At the same time, the series is operating on multiple tracks -- not just the parallel path of former cop Mike (Jonathan Banks), but also the arcs of drug dealer Nacho (Michael Mando) and drug kingpin Gus Fring (Giancarlo Esposito), whose arrival gave the show a shot of adrenaline, even if "Saul" is taking its time, as usual, in chronicling how Gus built his empire.
Last, but not least, there's Kim (Rhea Seehorn), the straight-laced attorney whose soft spot for Jimmy has revealed unexpected sides to her personality, who begins to see him in a different light as the season progresses.
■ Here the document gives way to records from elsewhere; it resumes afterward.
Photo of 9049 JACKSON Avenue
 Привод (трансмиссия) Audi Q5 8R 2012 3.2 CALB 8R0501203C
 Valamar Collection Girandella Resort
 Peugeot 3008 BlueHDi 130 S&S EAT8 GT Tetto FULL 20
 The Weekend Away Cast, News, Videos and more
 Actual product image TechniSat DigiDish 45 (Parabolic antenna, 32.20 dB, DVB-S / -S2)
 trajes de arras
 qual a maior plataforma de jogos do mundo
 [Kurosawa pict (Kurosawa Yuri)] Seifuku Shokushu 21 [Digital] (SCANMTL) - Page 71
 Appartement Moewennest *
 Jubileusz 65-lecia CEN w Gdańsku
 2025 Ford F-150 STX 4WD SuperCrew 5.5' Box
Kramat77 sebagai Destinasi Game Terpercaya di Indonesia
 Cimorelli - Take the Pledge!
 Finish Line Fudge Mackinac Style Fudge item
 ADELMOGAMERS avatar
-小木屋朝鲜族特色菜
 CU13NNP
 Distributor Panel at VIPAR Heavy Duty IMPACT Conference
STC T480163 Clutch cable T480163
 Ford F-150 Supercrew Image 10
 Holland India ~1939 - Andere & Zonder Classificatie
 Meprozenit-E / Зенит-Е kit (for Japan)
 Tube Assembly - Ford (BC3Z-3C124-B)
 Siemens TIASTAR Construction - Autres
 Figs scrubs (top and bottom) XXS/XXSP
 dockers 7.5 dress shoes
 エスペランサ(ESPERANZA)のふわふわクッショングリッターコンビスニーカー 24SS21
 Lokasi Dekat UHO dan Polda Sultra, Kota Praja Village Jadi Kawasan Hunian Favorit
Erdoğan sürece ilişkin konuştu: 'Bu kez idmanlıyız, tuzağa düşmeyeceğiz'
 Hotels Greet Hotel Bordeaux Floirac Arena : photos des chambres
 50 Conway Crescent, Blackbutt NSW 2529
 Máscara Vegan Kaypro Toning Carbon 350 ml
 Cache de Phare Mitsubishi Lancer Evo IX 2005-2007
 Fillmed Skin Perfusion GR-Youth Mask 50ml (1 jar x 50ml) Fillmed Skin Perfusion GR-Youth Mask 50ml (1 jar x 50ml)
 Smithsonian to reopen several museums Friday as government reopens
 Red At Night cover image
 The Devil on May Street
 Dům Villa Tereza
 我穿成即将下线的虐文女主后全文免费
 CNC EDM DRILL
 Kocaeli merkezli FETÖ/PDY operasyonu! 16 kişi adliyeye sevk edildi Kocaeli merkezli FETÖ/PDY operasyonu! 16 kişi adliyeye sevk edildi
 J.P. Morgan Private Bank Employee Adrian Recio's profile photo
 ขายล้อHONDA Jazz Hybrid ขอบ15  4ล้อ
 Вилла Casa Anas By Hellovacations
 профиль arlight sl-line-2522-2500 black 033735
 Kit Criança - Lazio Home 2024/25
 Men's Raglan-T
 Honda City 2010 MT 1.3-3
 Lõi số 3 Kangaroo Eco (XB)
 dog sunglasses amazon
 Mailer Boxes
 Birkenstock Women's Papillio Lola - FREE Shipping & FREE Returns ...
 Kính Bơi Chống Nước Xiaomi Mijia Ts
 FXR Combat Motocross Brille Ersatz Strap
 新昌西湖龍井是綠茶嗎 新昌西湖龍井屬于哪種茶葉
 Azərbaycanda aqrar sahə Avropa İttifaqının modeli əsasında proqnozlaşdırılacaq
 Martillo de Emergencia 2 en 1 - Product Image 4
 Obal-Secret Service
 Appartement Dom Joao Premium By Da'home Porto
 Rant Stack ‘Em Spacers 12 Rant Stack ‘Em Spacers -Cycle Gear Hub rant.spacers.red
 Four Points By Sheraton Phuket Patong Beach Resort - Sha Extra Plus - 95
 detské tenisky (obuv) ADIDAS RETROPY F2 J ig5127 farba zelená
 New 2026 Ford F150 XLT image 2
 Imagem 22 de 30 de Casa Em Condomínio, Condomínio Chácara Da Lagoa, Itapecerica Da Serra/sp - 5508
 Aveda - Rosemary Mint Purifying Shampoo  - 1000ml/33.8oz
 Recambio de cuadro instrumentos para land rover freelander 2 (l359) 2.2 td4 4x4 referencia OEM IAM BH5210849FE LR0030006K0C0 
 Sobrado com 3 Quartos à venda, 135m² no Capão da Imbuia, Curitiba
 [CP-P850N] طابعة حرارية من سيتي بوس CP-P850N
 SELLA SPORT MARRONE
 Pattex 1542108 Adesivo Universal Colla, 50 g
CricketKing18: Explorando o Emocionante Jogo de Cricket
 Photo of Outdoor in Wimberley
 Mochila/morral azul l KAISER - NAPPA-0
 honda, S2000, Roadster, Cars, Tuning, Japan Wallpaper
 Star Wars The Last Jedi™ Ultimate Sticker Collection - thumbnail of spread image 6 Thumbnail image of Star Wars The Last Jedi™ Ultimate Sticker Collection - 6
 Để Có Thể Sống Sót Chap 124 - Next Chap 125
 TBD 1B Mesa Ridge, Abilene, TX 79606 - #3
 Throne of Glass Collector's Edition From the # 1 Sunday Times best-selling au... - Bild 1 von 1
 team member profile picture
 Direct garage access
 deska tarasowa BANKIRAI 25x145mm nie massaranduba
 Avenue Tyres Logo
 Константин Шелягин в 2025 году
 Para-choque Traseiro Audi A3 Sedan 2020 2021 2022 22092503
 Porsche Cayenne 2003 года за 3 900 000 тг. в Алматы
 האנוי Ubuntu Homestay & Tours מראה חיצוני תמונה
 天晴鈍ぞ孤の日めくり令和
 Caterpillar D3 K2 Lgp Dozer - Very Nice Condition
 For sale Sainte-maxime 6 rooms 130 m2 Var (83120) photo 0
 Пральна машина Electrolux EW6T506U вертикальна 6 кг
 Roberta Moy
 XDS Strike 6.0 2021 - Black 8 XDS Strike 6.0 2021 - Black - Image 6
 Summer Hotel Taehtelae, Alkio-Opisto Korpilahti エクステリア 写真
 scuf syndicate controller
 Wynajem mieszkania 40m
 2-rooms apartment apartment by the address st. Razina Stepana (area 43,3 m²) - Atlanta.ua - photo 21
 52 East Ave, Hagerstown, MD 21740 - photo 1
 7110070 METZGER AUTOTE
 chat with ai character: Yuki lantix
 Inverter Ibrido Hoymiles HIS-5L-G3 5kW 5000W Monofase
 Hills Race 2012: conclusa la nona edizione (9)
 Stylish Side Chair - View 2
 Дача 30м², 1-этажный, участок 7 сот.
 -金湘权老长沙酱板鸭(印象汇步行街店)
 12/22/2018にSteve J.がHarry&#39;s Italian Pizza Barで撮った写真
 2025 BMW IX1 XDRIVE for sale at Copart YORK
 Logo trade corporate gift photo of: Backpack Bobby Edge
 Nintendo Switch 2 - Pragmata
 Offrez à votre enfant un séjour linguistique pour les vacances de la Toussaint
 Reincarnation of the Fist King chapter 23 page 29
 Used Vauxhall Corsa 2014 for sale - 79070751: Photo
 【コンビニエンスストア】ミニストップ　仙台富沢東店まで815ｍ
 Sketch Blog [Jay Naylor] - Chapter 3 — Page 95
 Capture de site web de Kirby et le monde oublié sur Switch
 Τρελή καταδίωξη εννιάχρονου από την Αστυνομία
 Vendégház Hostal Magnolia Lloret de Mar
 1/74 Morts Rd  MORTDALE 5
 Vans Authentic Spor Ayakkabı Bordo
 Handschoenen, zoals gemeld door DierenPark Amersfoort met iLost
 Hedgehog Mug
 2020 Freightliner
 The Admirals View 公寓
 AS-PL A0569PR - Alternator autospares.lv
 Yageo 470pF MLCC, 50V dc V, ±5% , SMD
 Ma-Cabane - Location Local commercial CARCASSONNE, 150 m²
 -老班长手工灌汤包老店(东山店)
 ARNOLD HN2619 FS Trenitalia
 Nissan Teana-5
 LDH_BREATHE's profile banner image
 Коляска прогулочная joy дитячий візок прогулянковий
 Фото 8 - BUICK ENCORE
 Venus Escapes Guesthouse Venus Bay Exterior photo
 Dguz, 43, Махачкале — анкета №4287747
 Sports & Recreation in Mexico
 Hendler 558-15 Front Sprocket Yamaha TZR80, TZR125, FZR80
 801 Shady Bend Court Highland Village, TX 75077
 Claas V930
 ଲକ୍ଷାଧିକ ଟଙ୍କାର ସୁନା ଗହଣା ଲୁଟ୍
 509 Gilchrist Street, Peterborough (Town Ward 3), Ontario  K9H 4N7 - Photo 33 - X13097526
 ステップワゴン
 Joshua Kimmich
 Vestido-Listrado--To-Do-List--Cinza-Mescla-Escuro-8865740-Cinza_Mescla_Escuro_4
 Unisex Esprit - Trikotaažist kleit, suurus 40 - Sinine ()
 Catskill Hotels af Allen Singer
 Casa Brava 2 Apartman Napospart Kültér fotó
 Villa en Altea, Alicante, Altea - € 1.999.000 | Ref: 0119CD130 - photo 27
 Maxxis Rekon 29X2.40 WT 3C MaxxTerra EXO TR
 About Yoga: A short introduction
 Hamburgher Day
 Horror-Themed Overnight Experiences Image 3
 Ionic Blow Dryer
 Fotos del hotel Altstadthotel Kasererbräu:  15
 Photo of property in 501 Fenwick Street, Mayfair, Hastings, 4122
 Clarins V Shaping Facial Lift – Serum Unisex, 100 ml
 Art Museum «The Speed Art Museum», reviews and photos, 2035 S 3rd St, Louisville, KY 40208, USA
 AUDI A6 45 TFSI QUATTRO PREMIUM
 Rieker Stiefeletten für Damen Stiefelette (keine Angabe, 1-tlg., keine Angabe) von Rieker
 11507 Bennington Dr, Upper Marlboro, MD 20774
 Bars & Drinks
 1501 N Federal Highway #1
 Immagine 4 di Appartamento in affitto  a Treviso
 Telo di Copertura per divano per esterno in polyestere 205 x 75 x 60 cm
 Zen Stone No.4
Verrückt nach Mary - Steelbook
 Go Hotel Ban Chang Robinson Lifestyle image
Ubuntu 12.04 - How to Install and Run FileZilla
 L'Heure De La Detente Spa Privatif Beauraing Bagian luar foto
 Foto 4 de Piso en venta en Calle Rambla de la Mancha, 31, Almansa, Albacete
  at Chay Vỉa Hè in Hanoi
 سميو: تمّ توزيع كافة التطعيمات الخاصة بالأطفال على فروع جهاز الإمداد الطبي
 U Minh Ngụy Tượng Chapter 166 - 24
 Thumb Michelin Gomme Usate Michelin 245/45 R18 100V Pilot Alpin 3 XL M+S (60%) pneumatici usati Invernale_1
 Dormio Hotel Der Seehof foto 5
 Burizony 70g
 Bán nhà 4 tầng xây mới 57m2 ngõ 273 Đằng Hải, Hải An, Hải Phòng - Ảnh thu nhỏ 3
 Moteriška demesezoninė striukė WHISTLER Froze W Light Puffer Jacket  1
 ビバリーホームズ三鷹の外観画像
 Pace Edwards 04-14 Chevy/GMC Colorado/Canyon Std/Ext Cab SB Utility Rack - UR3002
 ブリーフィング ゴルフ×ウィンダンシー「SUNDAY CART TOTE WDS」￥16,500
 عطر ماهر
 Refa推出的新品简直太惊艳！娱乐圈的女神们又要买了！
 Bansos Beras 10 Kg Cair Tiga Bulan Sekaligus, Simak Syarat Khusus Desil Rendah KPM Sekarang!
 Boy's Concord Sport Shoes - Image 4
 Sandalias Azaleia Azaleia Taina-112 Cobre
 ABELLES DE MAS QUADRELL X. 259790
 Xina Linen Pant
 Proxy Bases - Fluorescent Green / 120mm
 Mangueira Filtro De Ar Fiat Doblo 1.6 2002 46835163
Kim has always felt like the fulcrum on which "Saul" bends, to the extent that alienating her -- or however she exits Jimmy's life -- will essentially complete his transformation into Saul Goodman. That has added depth and poignance not just to their relationship, but to every good deed that Jimmy does, realizing he's eventually going to end up sweating through those tense black-and-white flash-forwards that kick off each season.
It's something of a common refrain (at least from this critic) that "Better Call Saul" can't be sustained indefinitely without running out of narrative real estate. For now, though, the series -- already renewed for a fifth year -- has exceeded expectations, with creators Vince Gilligan, Peter Gould and their team tapping into the reservoir of dark humor, surprising twists and visual storytelling that made "Breaking Bad" so compelling, albeit without rising to that level.
The show remains a signature franchise for AMC, so much so that the network is pairing its return with a new drama, "Lodge 49," a series about a directionless surfer who stumbles onto a strange fraternal order that may hold the clue to putting his life back on track. The show strives to be whimsical but feels so weightless there's little incentive to stick around long enough to find out -- an unwitting endorsement, in a way, of the fine line that "Better Call Saul" navigates.
Granted, the first three episodes don't provide much of a road map for where this season is heading, but they do set up a number of juicy possibilities. And if "Better Call Saul" viewers have learned anything, it's not to fret too much about where -- and when -- the show will wind up, but rather to sit back and say, "It's all good, man."
"Better Call Saul" premieres Aug. 6 at 9 p.m. on AMC.